Champions League: BVB feiert «Naturgewalt» Haaland

Epoch Times19. Februar 2020 Aktualisiert: 19. Februar 2020 5:06
Die Trophäe für den «Man of the match» ging nicht an Neymar oder Kylian Mbappé, sondern an Erling Haaland. Der BVB-Neuzugang stahl den Superstars aus Paris im Champions-League-Achtelfinale die Show.

Für BVB-Geschäftsführer Hans-Joachim Watzke ist er „eine Naturgewalt“, für den gegnerischen Trainer Thomas Tuchel „ein Tier“, für die Medien ein „Sturm-Riese“. Die wundersame Erfolgsstory von Erling Haaland ist um ein Kapitel reicher.

Mit seinen beiden Treffern zum 2:1 (0:0) im Achtelfinal-Hinspiel der Champions League gegen Paris Saint-Germain brachte der Norweger das Dortmunder Stadion zum Beben. „Das sind die Nächte, für die du lebst. Es ist fantastisch“, schwärmte der 19-Jährige. Die „Man of the Match“-Trophäe, die er nachts aus dem Stadion trug, machte ihn sichtlich stolz.

Denn Haaland stellte selbst die gegnerischen Superstars Neymar und Kylian Mbappé in den Schatten. Seine Torquote ist mittlerweile atemberaubend – nicht nur in der Bundesliga. Sage und schreibe zehn Treffer gelangen Haaland in seinen ersten sieben Champions-League-Spielen für seinen ehemaligen Club aus Salzburg (8) und für die Borussia (2) – das ist vor ihm noch keinem anderen Profi gelungen. Nach der auf Englisch gestellten Frage, ob „Man of the Match“ oder „Hero of the Night“ für ihn besser klinge, wagte der Dortmunder Winterzukauf eine Antwort auf Deutsch: „Mann aus der Abend“.
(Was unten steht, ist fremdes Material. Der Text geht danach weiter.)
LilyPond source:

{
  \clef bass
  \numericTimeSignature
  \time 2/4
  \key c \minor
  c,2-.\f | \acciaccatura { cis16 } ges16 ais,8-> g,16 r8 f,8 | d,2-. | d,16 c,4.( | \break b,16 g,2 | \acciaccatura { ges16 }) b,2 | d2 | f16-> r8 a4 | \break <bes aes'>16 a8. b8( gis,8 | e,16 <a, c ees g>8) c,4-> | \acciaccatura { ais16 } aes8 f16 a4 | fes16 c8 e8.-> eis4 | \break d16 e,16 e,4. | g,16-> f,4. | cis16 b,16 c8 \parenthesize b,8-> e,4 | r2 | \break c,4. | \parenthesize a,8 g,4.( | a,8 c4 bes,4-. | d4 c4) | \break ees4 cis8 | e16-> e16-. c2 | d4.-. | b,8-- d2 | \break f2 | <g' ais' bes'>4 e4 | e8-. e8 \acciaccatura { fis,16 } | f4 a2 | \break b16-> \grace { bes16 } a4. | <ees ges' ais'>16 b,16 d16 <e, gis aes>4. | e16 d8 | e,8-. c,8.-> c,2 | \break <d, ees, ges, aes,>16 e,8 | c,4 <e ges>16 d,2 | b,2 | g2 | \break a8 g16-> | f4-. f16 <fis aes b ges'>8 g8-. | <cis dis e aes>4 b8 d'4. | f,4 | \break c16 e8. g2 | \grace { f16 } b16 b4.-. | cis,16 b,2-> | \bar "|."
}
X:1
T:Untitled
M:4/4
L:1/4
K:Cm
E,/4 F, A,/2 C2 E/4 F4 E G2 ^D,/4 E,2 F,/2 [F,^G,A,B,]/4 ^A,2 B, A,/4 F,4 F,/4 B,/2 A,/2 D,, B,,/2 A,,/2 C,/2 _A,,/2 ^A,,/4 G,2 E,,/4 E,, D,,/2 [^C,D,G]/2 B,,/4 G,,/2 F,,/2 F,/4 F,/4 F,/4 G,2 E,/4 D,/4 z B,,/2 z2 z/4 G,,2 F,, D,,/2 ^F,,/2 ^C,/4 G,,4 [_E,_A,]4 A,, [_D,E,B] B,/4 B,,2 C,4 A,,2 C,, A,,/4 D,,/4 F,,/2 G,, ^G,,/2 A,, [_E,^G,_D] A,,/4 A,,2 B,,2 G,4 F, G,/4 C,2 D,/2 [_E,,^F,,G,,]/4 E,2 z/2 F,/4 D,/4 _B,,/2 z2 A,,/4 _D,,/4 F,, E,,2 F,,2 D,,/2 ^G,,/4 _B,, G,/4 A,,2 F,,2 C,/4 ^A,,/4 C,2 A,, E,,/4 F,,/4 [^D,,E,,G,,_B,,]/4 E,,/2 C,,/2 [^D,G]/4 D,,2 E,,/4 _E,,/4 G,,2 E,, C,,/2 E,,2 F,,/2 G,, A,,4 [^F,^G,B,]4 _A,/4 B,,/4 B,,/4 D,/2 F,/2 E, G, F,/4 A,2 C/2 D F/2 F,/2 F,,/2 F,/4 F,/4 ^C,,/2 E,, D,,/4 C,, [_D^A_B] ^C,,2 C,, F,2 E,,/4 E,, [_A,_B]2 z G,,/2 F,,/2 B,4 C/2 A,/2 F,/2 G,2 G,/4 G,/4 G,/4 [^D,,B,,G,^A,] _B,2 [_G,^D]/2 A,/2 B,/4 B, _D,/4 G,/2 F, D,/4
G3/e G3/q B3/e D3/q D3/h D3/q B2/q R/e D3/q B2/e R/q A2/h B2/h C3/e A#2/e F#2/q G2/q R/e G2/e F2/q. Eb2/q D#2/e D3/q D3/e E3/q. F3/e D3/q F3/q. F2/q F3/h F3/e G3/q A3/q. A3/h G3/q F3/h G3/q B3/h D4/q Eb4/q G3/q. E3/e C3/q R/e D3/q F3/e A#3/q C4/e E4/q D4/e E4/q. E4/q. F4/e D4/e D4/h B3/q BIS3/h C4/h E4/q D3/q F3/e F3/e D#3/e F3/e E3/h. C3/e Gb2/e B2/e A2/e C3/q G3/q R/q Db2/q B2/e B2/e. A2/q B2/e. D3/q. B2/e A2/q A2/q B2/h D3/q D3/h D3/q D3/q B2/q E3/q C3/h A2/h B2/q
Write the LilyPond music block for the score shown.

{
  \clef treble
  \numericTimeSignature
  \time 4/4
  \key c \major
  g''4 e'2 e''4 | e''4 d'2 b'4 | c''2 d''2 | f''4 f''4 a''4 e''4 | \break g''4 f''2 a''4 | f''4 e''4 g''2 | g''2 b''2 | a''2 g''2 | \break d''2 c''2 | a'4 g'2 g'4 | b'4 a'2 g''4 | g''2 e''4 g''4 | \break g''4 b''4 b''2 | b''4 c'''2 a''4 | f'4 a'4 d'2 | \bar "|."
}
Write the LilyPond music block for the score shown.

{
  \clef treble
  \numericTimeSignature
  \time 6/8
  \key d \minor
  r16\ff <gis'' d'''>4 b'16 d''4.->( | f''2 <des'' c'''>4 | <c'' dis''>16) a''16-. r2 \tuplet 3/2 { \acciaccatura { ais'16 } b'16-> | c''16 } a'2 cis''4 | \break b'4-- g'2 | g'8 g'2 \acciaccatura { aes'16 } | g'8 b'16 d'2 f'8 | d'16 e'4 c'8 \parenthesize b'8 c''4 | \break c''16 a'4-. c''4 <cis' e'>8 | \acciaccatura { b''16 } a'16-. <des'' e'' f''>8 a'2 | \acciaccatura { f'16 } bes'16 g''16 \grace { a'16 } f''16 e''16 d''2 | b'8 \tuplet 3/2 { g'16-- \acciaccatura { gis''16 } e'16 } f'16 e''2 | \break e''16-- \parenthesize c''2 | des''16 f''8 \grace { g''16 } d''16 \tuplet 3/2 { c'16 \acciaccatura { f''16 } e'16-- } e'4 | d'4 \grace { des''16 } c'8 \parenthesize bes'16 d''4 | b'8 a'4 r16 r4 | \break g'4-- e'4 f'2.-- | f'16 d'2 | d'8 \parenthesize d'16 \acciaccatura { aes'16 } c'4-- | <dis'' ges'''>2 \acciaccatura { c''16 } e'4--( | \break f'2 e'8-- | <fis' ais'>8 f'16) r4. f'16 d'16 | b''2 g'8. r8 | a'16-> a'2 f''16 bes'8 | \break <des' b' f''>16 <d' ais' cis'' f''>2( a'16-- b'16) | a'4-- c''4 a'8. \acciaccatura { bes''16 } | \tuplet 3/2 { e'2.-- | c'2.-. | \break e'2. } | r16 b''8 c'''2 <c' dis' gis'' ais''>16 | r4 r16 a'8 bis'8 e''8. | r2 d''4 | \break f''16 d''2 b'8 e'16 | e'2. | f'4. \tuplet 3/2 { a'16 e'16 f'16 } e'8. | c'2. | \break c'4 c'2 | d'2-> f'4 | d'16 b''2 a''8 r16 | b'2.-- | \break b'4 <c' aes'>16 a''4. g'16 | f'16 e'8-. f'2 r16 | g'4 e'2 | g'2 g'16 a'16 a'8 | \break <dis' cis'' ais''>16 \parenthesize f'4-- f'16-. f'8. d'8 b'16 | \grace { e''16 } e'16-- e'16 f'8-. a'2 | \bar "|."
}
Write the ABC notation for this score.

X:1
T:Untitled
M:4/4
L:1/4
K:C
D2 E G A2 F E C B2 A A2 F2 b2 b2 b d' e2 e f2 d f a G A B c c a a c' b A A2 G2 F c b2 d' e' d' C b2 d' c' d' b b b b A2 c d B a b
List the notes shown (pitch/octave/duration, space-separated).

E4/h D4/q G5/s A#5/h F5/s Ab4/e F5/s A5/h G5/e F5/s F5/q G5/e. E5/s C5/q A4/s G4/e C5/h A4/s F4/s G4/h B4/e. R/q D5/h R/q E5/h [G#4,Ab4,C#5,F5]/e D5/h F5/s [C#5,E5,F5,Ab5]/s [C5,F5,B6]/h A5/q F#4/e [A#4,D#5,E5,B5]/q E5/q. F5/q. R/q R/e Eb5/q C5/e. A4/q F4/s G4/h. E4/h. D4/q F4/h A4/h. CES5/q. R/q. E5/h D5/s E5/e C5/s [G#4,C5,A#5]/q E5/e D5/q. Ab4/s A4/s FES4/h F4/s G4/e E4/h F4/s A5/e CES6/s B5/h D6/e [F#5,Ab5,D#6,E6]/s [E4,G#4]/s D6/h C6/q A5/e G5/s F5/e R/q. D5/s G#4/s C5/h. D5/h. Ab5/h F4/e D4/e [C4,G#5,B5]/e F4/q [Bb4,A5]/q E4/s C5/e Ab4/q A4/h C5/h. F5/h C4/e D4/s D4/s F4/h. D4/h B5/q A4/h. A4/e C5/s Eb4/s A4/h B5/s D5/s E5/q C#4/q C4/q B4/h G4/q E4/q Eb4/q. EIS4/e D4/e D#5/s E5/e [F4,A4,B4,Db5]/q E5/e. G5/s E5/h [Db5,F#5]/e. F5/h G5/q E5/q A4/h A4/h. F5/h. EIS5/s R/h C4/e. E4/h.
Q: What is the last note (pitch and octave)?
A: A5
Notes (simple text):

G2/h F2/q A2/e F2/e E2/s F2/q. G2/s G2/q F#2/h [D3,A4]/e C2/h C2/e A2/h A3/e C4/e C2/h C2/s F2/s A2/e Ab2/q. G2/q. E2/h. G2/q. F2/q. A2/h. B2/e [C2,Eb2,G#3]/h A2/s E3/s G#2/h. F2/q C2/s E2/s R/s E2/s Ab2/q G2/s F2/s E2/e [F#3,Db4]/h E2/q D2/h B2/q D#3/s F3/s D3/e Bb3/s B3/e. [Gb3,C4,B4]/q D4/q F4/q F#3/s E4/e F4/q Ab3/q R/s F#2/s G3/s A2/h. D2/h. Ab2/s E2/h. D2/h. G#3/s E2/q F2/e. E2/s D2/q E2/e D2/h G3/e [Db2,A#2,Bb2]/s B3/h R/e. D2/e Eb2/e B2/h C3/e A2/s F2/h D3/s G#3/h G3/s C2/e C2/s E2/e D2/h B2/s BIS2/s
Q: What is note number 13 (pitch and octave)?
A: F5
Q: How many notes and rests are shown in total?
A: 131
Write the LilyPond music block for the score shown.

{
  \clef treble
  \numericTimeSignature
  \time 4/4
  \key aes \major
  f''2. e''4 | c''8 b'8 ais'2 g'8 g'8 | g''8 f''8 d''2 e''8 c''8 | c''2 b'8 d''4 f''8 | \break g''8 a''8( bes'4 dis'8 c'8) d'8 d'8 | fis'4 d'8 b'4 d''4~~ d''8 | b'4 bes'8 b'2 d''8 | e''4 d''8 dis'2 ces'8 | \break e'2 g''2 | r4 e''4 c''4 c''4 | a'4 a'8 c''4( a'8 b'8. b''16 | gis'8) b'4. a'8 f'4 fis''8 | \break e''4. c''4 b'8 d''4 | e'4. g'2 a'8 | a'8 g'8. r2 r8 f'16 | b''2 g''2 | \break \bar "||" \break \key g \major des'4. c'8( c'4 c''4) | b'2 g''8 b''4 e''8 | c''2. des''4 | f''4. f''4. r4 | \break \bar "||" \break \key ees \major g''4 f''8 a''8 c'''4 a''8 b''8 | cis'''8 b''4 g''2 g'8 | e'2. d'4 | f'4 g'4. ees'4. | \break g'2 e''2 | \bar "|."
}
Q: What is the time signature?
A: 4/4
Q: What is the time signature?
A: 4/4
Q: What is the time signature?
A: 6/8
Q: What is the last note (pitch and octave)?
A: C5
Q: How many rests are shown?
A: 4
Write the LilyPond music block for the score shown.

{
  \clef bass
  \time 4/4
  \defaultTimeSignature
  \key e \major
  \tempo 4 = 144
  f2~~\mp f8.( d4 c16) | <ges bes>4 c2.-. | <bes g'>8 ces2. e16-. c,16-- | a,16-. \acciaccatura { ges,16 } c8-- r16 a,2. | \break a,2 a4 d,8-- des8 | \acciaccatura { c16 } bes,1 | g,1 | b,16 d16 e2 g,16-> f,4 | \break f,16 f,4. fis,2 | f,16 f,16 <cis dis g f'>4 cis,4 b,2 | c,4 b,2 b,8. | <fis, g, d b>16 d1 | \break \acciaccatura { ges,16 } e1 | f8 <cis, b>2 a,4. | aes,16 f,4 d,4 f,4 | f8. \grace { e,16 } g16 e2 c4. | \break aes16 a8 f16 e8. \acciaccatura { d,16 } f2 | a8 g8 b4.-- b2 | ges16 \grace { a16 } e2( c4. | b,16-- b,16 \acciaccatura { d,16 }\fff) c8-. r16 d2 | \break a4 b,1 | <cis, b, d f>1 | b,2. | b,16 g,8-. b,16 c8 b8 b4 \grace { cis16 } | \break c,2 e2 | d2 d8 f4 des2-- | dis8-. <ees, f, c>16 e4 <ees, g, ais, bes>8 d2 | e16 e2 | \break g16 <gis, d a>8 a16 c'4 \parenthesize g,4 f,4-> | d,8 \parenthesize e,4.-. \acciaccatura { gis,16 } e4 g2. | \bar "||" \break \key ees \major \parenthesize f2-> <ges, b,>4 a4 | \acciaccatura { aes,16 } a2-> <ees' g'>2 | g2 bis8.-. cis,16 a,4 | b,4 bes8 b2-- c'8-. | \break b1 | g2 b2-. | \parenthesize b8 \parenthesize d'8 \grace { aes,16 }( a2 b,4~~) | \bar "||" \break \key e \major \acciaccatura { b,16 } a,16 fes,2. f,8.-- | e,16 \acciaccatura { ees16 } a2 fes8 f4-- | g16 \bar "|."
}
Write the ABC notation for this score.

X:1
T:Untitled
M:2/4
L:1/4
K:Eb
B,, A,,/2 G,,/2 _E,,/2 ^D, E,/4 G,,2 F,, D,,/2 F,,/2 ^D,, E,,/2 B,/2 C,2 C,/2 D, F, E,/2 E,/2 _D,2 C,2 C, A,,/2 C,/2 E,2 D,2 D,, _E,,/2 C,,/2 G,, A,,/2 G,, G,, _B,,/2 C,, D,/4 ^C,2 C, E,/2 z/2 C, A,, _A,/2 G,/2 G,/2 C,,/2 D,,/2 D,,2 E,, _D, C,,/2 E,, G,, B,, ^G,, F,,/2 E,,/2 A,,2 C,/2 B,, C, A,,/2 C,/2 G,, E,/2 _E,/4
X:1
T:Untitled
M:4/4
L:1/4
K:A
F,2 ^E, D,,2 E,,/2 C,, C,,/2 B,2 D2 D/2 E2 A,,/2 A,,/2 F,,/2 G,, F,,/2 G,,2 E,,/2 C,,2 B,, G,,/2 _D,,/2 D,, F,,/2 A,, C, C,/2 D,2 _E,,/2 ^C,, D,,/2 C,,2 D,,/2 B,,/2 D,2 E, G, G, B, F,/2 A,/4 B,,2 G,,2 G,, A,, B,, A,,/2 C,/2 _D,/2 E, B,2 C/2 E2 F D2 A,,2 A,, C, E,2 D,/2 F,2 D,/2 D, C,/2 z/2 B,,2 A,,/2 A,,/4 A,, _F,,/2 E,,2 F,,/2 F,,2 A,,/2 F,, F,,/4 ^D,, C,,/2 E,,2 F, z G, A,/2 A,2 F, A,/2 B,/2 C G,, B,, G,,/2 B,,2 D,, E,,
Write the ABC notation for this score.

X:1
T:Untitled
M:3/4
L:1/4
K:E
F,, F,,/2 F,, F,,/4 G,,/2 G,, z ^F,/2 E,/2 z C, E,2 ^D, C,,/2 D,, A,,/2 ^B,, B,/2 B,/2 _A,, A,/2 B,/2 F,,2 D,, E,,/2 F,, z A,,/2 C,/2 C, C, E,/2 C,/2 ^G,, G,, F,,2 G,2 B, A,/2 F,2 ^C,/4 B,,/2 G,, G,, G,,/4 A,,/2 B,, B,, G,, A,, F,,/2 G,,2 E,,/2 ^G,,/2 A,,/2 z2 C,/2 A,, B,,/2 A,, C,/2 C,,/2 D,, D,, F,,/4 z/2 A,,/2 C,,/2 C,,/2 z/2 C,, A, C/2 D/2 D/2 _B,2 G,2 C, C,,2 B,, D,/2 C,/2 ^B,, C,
Dank Haalands Treffern in der 69. und 77. Minute können die Dortmunder auf ein Happy End im Rückspiel am 11. März hoffen. Die beiden Tore waren Lohn für eine bemerkenswerte Vorstellung gegen eine der wohl stärksten Offensivmannschaften der Welt. Nach der Kritik in den vergangenen Wochen an der fehlenden Stabilität erwies sich die Defensive diesmal als weitgehend sattelfest. Einziger Schönheitsfehler war das zwischenzeitliche 1:1 durch den ansonsten schwachen Neymar (75.).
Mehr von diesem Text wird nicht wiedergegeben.